| SOURCE DATA |
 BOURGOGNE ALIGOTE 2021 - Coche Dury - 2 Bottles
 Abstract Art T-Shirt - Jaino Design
==
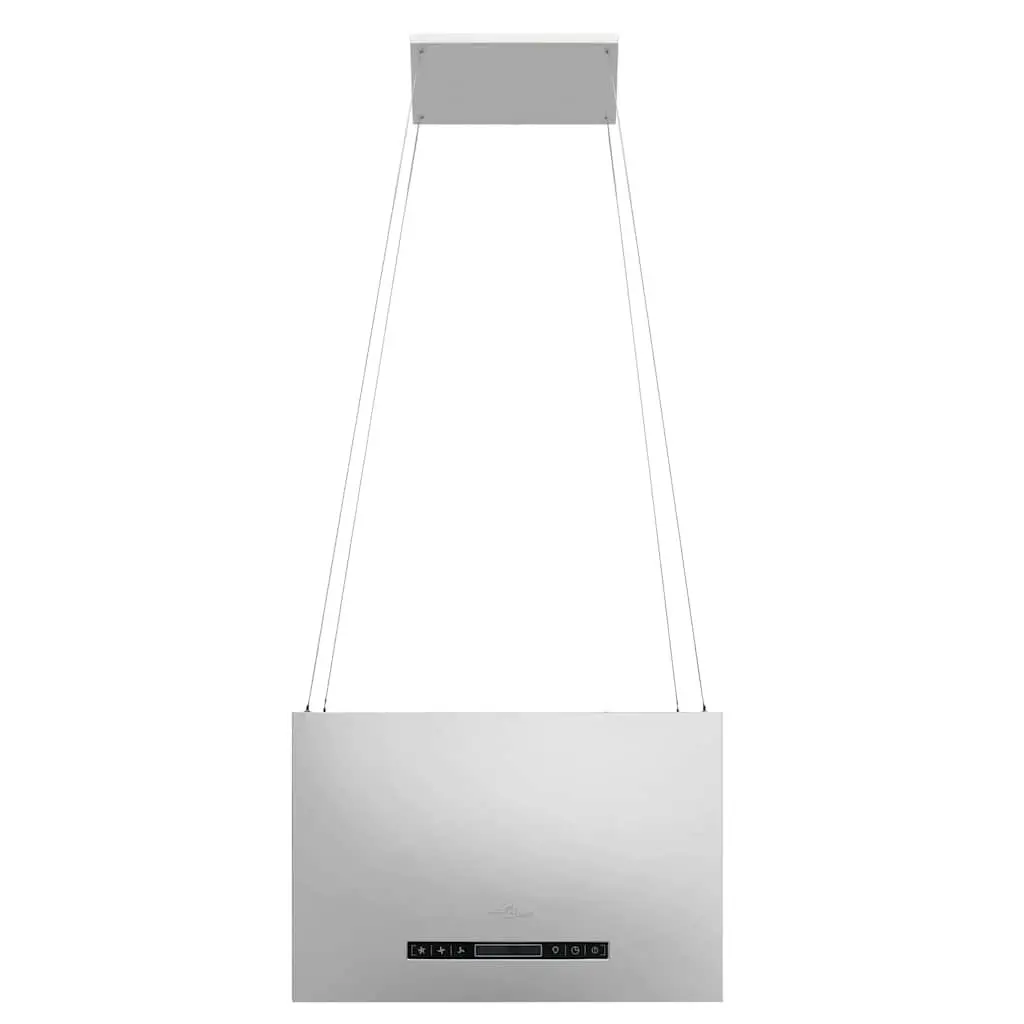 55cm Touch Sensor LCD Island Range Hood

| YOUR GOAL |
Exactly the lines above from the one with "BOURGOGNE ALIGOTE 2021" to the one with "Abstract Art T-Shirt - Jaino Design", both included, are to be quoted; leave the rest out.

| SOLVED EXERCISE |
 BOURGOGNE ALIGOTE 2021 - Coche Dury - 2 Bottles
 Abstract Art T-Shirt - Jaino Design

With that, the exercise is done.